The United Nations weather agency warned that the event increases the likelihood of heatwaves, droughts, heavy rainfall and flooding in many parts of the world.
But alongside the official announcement, a far scarier number has been racing across social media. Posts claim the Pacific is about to warm by a staggering 4 degrees Celsius. That claim needs a closer look, because it is not what official forecasts say.
WHAT IS EL NINO, AND WHY DOES IT MATTER?
El Nino is a natural climate pattern in which the surface of the central and eastern Pacific Ocean becomes unusually warm. Normally, trade winds push warm water towards Indonesia, from east to west.
During El Nino, those winds weaken, warm water sloshes eastwards, and the atmosphere above reorganises itself. That is why a patch of warm ocean near Peru can shift rainfall in India, Australia and Africa.
WMO Secretary-General Celeste Saulo said the event is “forecast to strengthen rapidly into a strong event”, intensifying the chances of drought, heavy rainfall and heatwaves worldwide.
WHAT IS THE NINO 3.4 INDEX?
Scientists track El Nino using a patch of the equatorial Pacific called the Nino 3.4 region. They measure how much warmer its surface is compared to the long-term average. This difference is called an anomaly.

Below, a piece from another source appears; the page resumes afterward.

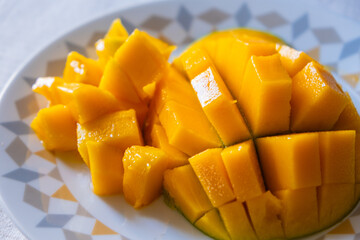 四角く切って食べるマンゴー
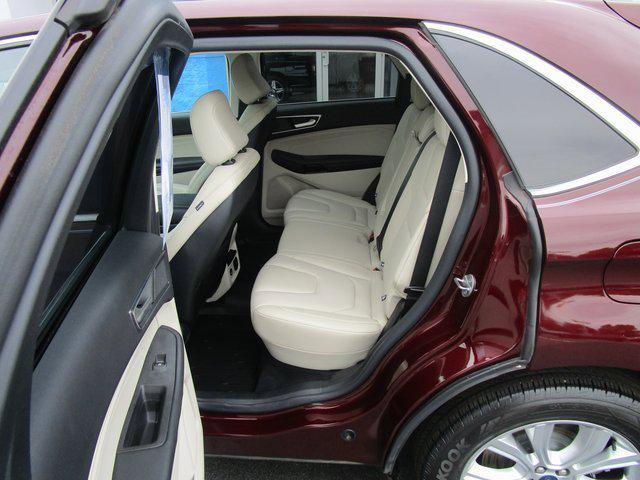 2021 Ford Edge Titanium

The United States weather agency, Noaa, declares an El Nino when this anomaly stays at 0.5 degrees Celsius or more for several consecutive months. The latest weekly reading has already climbed to 1.7 degrees Celsius, showing how quickly the event is intensifying.
IS THE 4 DEGREE EL NINO CLAIM TRUE?
No official agency forecasts a 4 degree El Nino. The WMO expects seasonal anomalies to exceed 2 degrees Celsius in key monitoring regions.
NOAA gives a 63 per cent chance of the event crossing 2 degrees, which would make it very strong by its classification.
Scientists monitor El Nino through the Nino 3.4 region of the equatorial Pacific, where the weekly temperature anomaly has climbed to 1.7 degrees Celsius.
Scientists monitor El Nino through the Nino 3.4 region of the equatorial Pacific, where the weekly temperature anomaly has climbed to 1.7 degrees Celsius.
Even the individual forecast models with the warmest predictions, such as those run by the European Centre for Medium-Range Weather Forecasts, have ranged between roughly 1.7 and 3.3 degrees Celsius.
The viral 4 degree figure appears to stem from misread or cherry-picked model charts, not from any official outlook. A 2 degree event is alarming enough. It does not need exaggeration.
WILL EL NINO AFFECT INDIA’S MONSOON?
For India, El Nino usually means trouble for the southwest monsoon, which delivers about 70 per cent of the country’s annual rainfall.
The India Meteorological Department expects this season’s rainfall to be around 90 per cent of the long-period average, with a 35 per cent chance of a deficient monsoon.
The link, however, is probabilistic, not guaranteed.
Ocean patterns closer to home, such as the Indian Ocean Dipole, can soften El Nino’s blow. Scientists are watching. So should we.